FARMINGTON — The number of diagnosed cases of the human immunodeficiency virus on the Navajo Nation has jumped in recent years, prompting health officials to expand services.

The human immunodeficiency virus, or HIV, causes acquired immunodeficiency syndrome, or AIDS.

According to reports from the Navajo Area Indian Health Service, the number of new cases of HIV diagnosed per year in IHS hospitals and health clinics has more than doubled in the last decade.

In 2000, approximately 15 cases of HIV were diagnosed per year at Navajo facilities. In 2009, however, 40 new cases were diagnosed, and 35 were diagnosed in 2010.

"These figures are very alarming," Dr. Jonathan Iralu, infectious disease consultant for the Navajo Area Indian Health Service, said in a statement.

Sunday was the fifth observance of National Native American HIV/AIDS Awareness Day. The day is set aside to acknowledge the continued threat of the virus to American Indian communities.

The virus is spread through the exchange of bodily fluids. The four major routes of transmission are unsafe sex, contaminated needles, breast milk and transmission from an infected mother to her baby at birth.

The IHS hopes to provide more education to native communities to decrease the risk.

"HIV is a considerable problem in Indian Country," said Dr.
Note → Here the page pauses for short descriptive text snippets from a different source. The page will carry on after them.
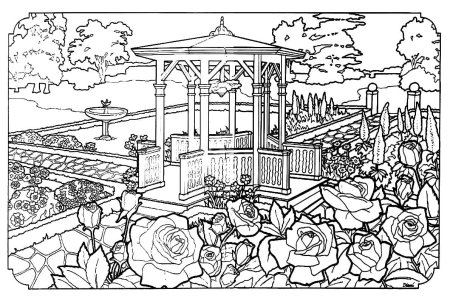 Сады. Раскраска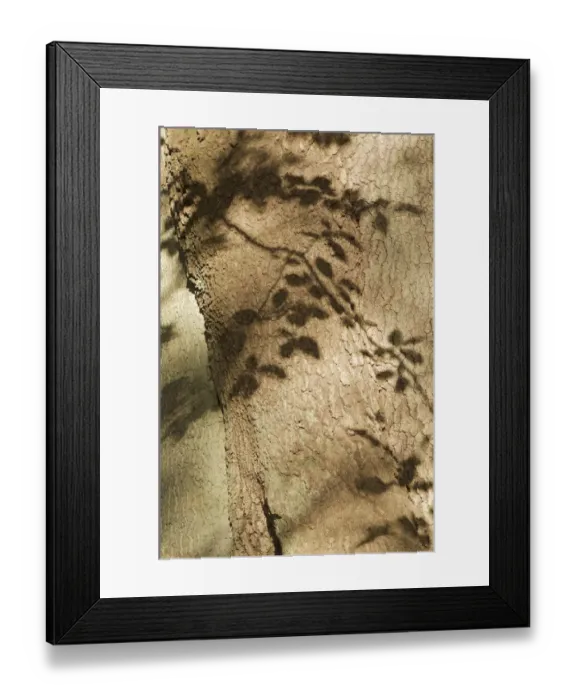 Framed Print : European beech (Fagus sylvatica) close-up of trunk, with shadows of leaves, Klampenborg Dyrehaven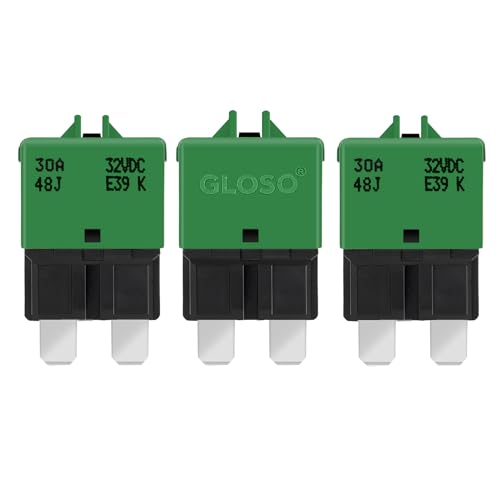 Circuit Breaker Fuse E39 (3 Pack / 30A)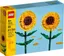Botanicals Solrosor 40524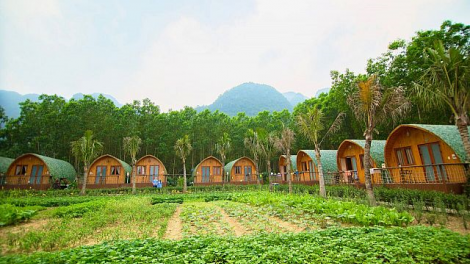 Khởi nghiệp từ Farmstay của cô gái trẻ người Cờ Lao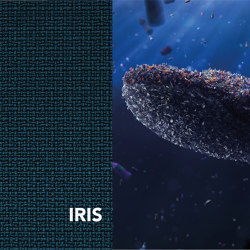 REVIVA | Iris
Yvette Roubideaux, director of the Indian Health Service. "American Indians also face more risk factors than some other groups, such as higher rates of sexually transmitted diseases and substance use.


As an American Indian physician and a member of a tribal community, I want to do everything in my power to reduce the spread of HIV."
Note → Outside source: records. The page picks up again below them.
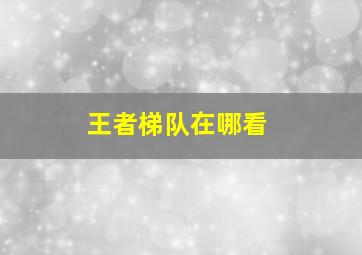 王者梯队在哪看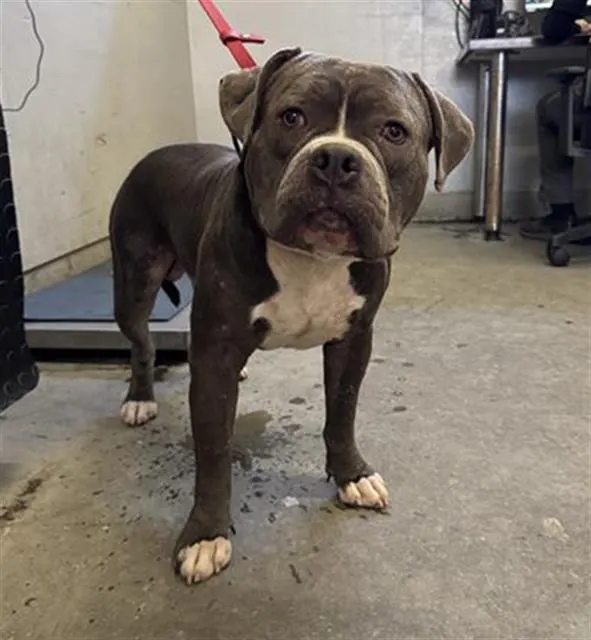 Adoptable Dog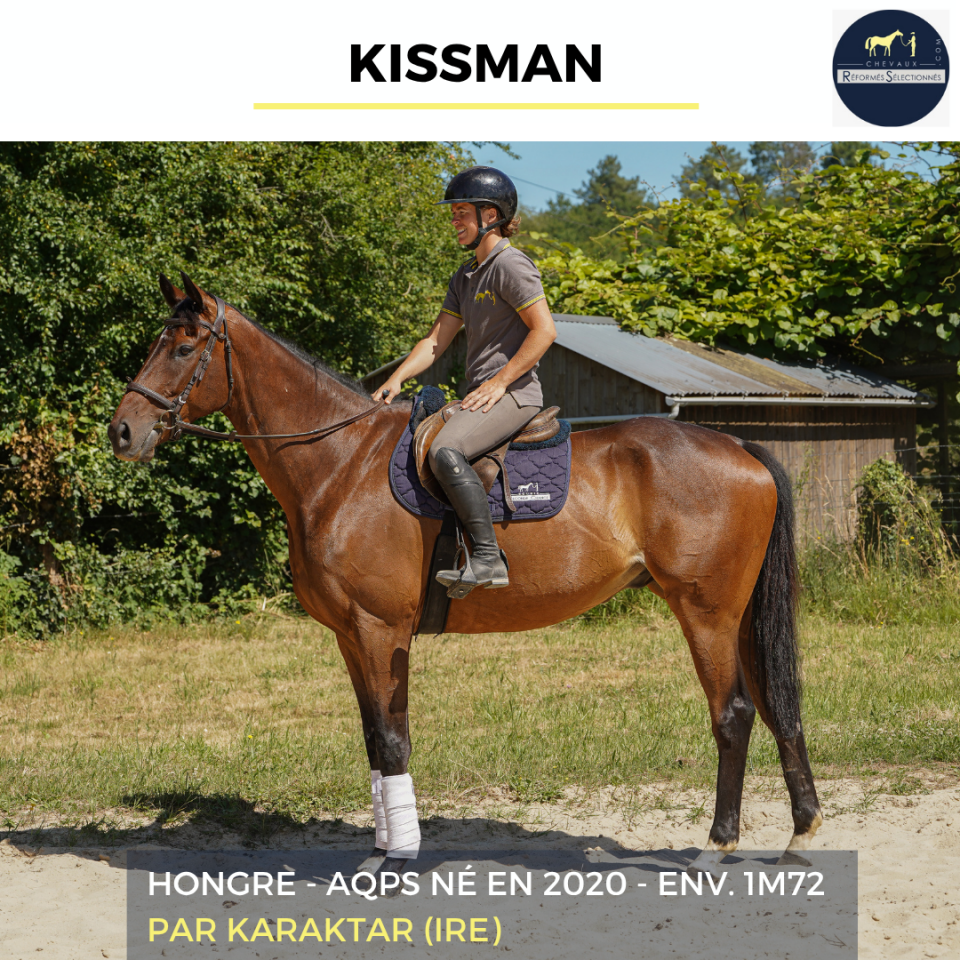 Caballo castrado AQPS En venta 2020 Bayo por KARAKTAR (IRE)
The IHS, in response to the surge, is implementing new screening efforts, increasing awareness and expanding clinical services.

It also is offering voluntary HIV testing to all people, ages 13 to 64, at IHS hospitals and clinics.
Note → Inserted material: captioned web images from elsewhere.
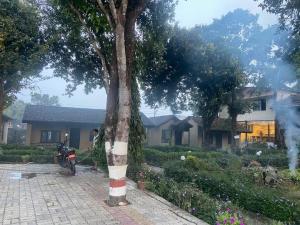 Vrt ispred objekta Siddhartha Kuti Resort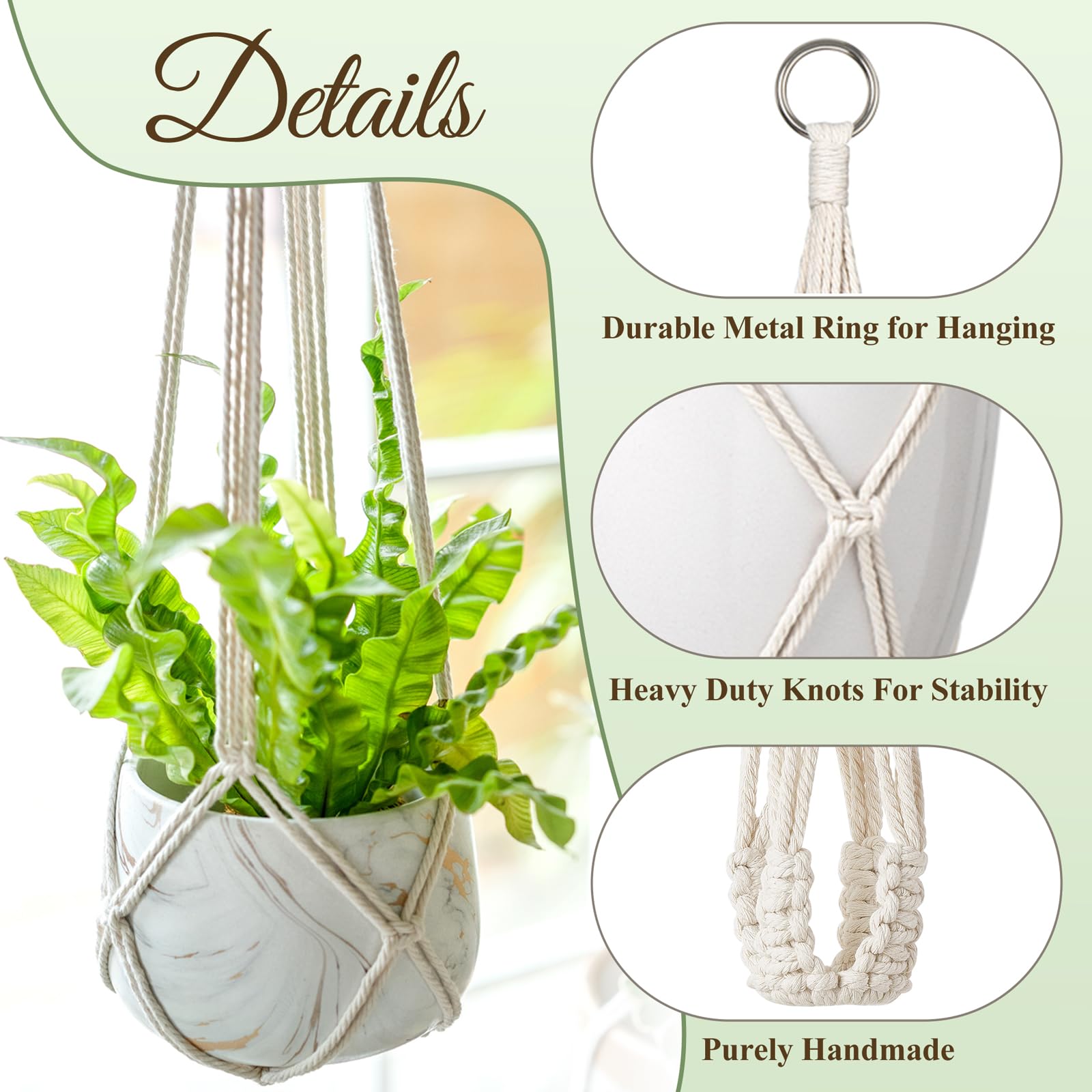 Dahey plant pot holder water-friendly design helps easy maintenance and watering.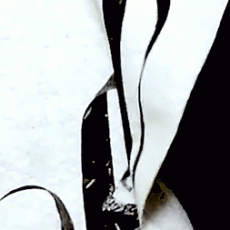 ouroboros_detail-9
Patients admitted to the hospital for a variety of reasons are offered a voluntary HIV test upon admission.

The screening is funded through a grant from the Minority AIDS Initiative.

"All individuals should learn about the increased risk of HIV in our region," Iralu said. "Navajo Area IHS staff will continue to work with local health providers to increase HIV awareness in local communities and prevent future HIV/AIDS cases."

The Gallup Indian Medical Center is leading the way to better HIV care, according to a news release from the Navajo Area Indian Health Service.

Among Gallup's educational initiatives is a 15-second advertisement running at theaters recommending people get HIV tests.

Gallup also has implemented home visits of Navajo-speaking case managers who assist patients with drug therapy, the news release states.

Although specialty HIV care is offered only in Gallup, all Navajo area IHS hospitals have primary HIV care, including Northern Navajo Medical Center, in Shiprock.

"It is hoped that this improvements in outreach and care will result in increased awareness of HIV on and near the Navajo Nation and improved quality of life for HIV patients as well as a reduction in the spread of HIV," Iralu said.